Associations de droits de l’Homme menacées, droit pénal turc inadapté, protection des témoins insuffisante, une situation alarmante pour les associations luttant contre les disparitions forcées
La situation actuelle en Turquie est alarmante, constat partagé par nombre d’associations de la région. Le recours aux disparitions forcées, pratique répandue lors du conflit turco-kurde dans les années 1990, persiste encore aujourd’hui en Turquie et plus précisément au Kurdistan. Deux associations travaillant sur ces questions, Mères pour la Paix représentée par Mme Nezahat Teke, et Meya Der représentée par M. Ibrahim Halil Oruc, dénoncent le conflit armé se déroulant dans cette région et surtout s’alarment de la pression exercée par les autorités turques sur les associations des droits de l’Homme. La situation des associations de défense des droits de l’Homme et notamment celles luttant contre les disparitions forcées est devenue insupportable. Les membres d’associations sont harcelés, menacés, arrêtés et condamnés à des peines de prison. Pire encore, selon M. Velat Demir, de l’association Yakay Der, les proches des disparus, les avocats, les journalistes, les défenseurs des droits de l’Homme, etc. sont menacés, intimidés, torturés et parfois condamnés pour leur supposé lien avec le parti des travailleurs du Kurdistan (PKK). Près de 7500 personnes seraient actuellement emprisonnées.

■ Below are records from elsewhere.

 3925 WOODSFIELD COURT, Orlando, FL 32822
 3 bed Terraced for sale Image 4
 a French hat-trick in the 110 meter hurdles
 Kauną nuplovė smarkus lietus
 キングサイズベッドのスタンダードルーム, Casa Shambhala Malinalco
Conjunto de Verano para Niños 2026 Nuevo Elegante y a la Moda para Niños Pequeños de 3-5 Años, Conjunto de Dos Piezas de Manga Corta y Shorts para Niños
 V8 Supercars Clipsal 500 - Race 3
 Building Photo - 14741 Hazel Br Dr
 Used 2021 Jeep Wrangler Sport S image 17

Pour Velat Demir, le manque de volonté étatique dans la résolution des crimes de disparitions forcées est indéniable. Et cela commence par le déficit de protection des témoins. Lors du procès du Colonel Cemal Temizöz de 2009, de nombreux témoins ont dû retirer leurs témoignages car ils n’étaient pas inclus dans le programme de protection. Or il est primordial que la Turquie mette en place une protection effective des témoins. Plus encore, le droit pénal turc s’avère totalement inadapté pour condamner le crime de disparition forcée : le nouveau code pénal turc de 2005 n’inclut pas la disparition forcée dans la qualification de crime contre l’humanité. Velat Demir va plus loin et déplore le fait que les crimes commis avant 2005 restent jugés selon l’ancien Code pénal turc, notamment concernant le délai de prescription.

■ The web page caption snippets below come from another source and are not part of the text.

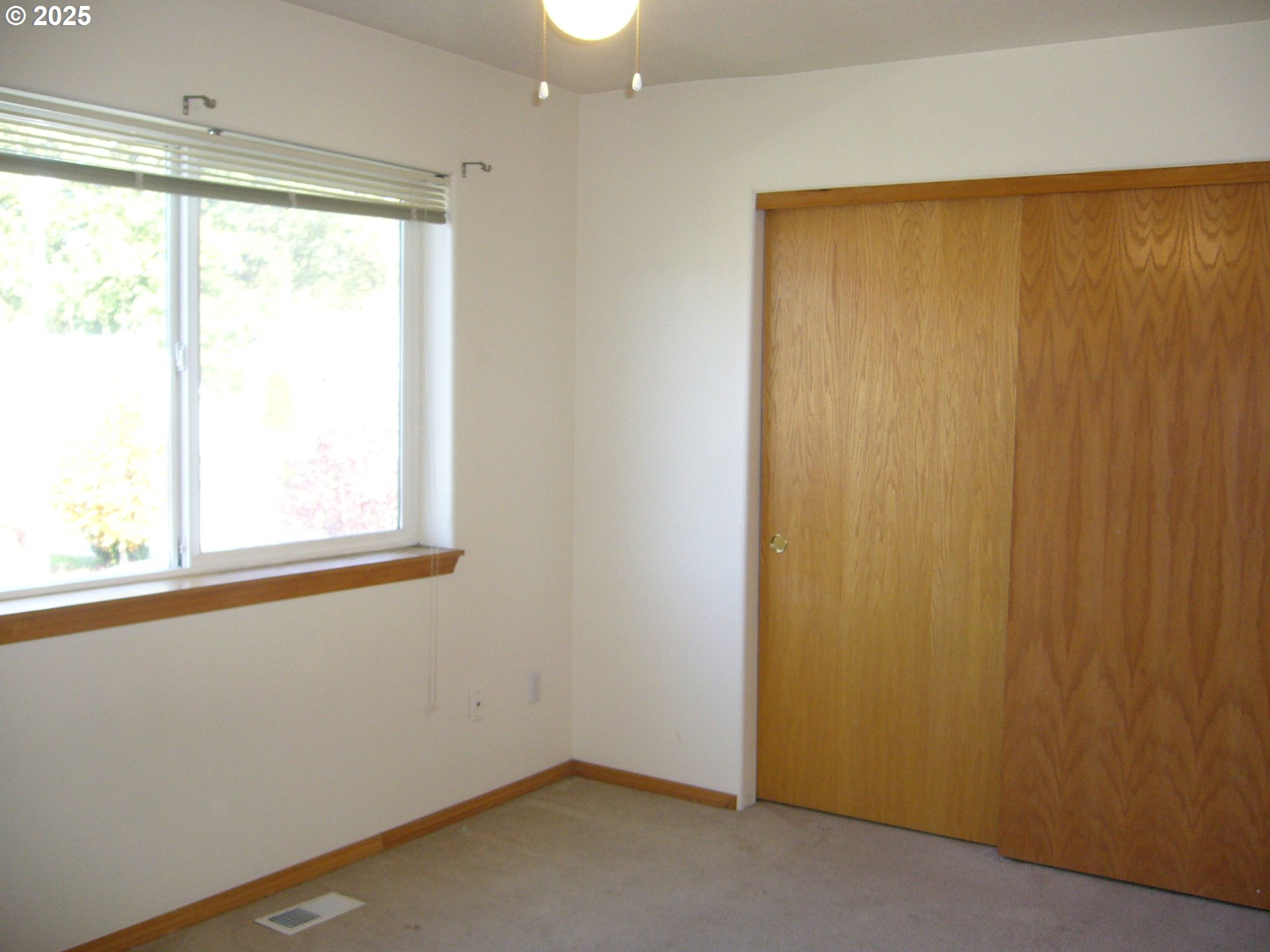 1022 NE LIJA LOOP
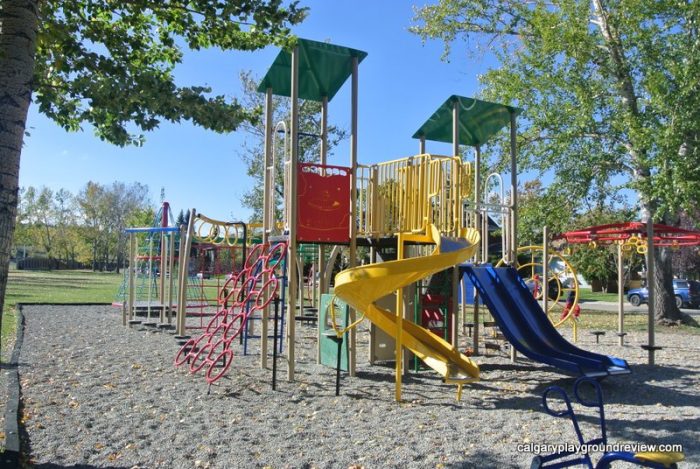 Westmount Playground - calgaryplaygroundreview.com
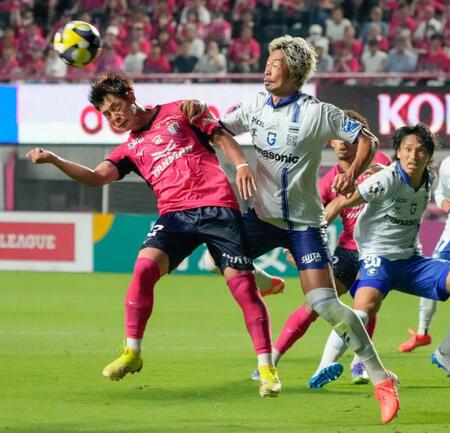 　前半、競り合うＣ大阪・中島（左）とＧ大阪・三浦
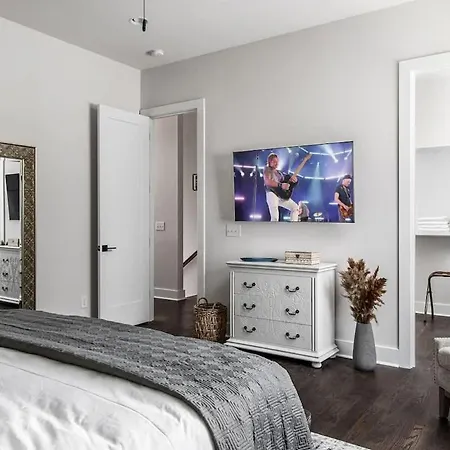 Edgehill Duo - 2 Townhomes - Mins Vanderbilt Holiday home Nashville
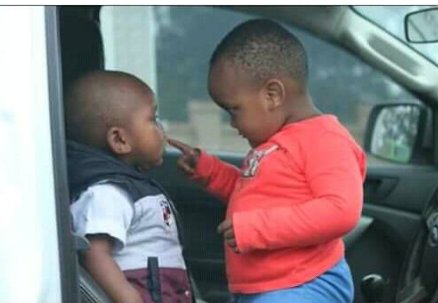 Namile_M's tweet photo. #IfRaJola we communicate ALL THE TIME!!! You communicate if you'll be busy, don't just disappear!!! 
You communicate if you going through shit, don't just be moody!! 
Communicate when you mad at me, don't confide in your FRIENEMIES!! Ke motho wa hau akere. https://t.co/yru2KwFPAn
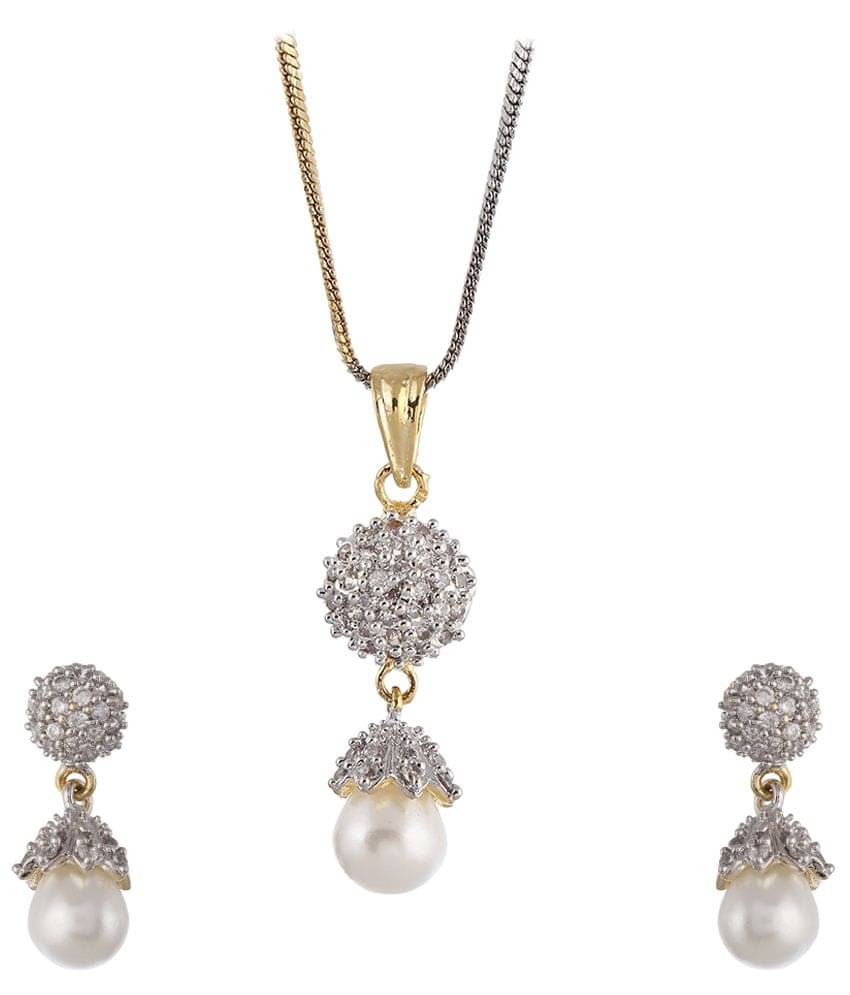     			Zeneme Alloy Gold Plating American diamonds Studded White Coloured Pendant set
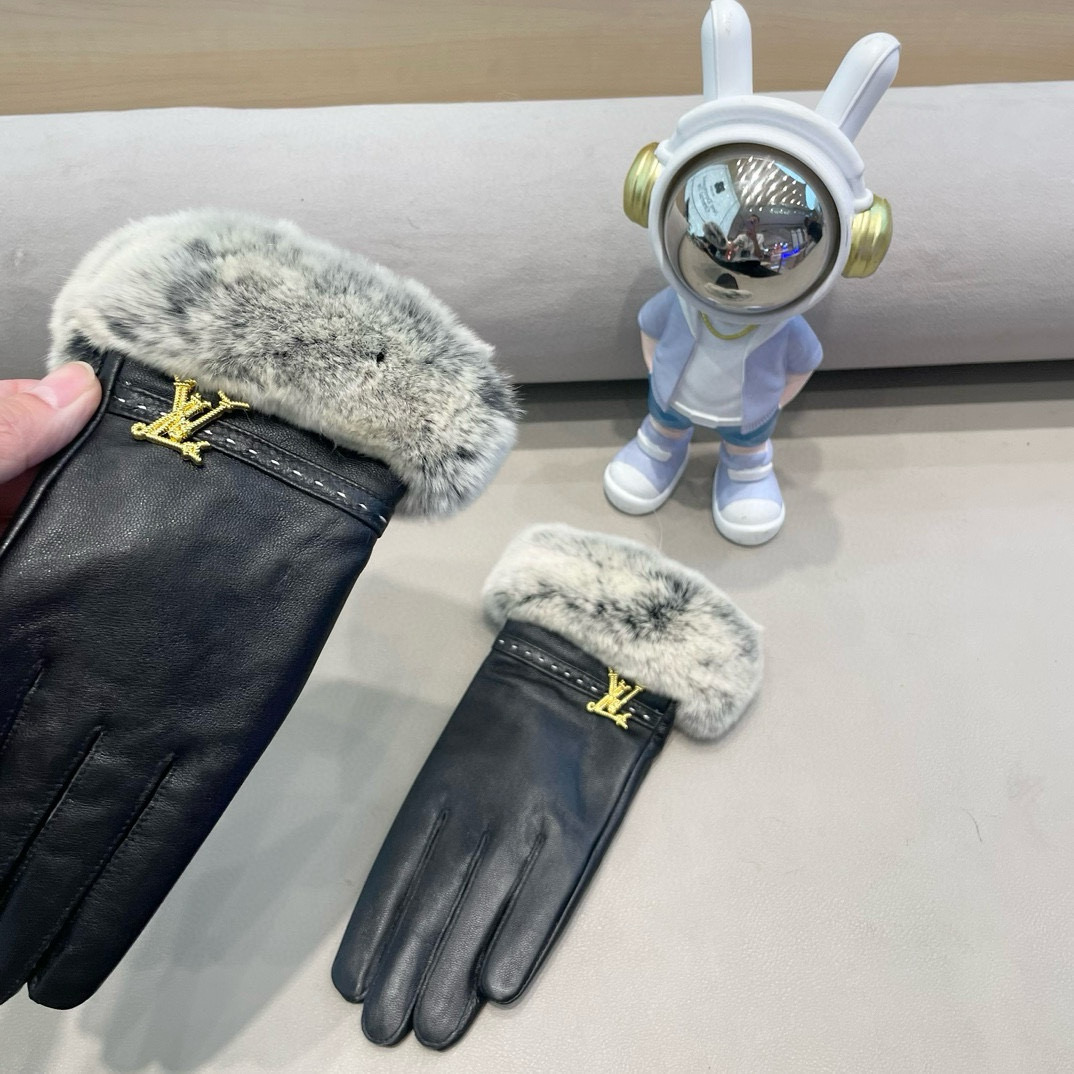 NO:554893,Louis Vuitton LV autumn and winter lazy rabbit fur sheepskin embroidered gloves with mobile phone touch screen, it is worth comparing the same style with different qualities, and instantly sells poor products in the market. Imported first-grade sheepskin lazy rabbit fur is lined with velvet. It is a classic and timeless style. [Happy][Happy] Size ML gloves, gloves, louis vuitton, louis vuitton, sheepskin, gloves19860909路易威登LV秋冬懒兔毛羊皮刺绣手套手机触屏,值得对比同款不同品质,秒杀市场差产品,进口一级羊皮懒兔毛内里加绒 经典不过时款.[愉快][愉快]码数ML手套,手套,louis vuitton,louis vuitton,sheepskin,gloves,accessory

L’une des pierres angulaires de la lutte contre les disparitions forcées repose sur le travail d’identification des corps. Or là aussi la position des autorités turques doit évoluer. En effet, en Turquie, afin d’identifier le corps d’un ou d’une disparu(e), il est obligatoire de disposer de l’ADN du père ou de la mère. Seul cet ADN du père ou de la mère est accepté pour l’identification. Les frères et les sœurs de disparus se retrouvent alors parfois dans l’obligation d’exhumer leurs parents défunts afin de récolter leur ADN ou de tout simplement refuser l’identification. Une situation inacceptable que dénoncent les associations Mères pour la paix et Meya Der.

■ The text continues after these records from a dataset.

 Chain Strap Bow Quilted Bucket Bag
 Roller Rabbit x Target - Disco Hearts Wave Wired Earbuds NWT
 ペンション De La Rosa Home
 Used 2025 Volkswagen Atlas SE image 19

Ces différents obstacles entravent l’exercice de la justice, le respect du droit à la vérité et plus encore le travail de réconciliation. En effet, Velat Demir insiste sur le fait qu’il est essentiel d’identifier et de condamner les auteurs d’exactions pour que le processus de réconciliation entre turcs et kurdes puisse aboutir. Il tient à ce titre à souligner que si la lutte contre les disparitions forcées en Turquie s’avère extrêmement difficile et dangereuse, elle trouve aujourd’hui un écho au sein des autorités turques, ce qui n’était pas le cas il y a une dizaine d’années.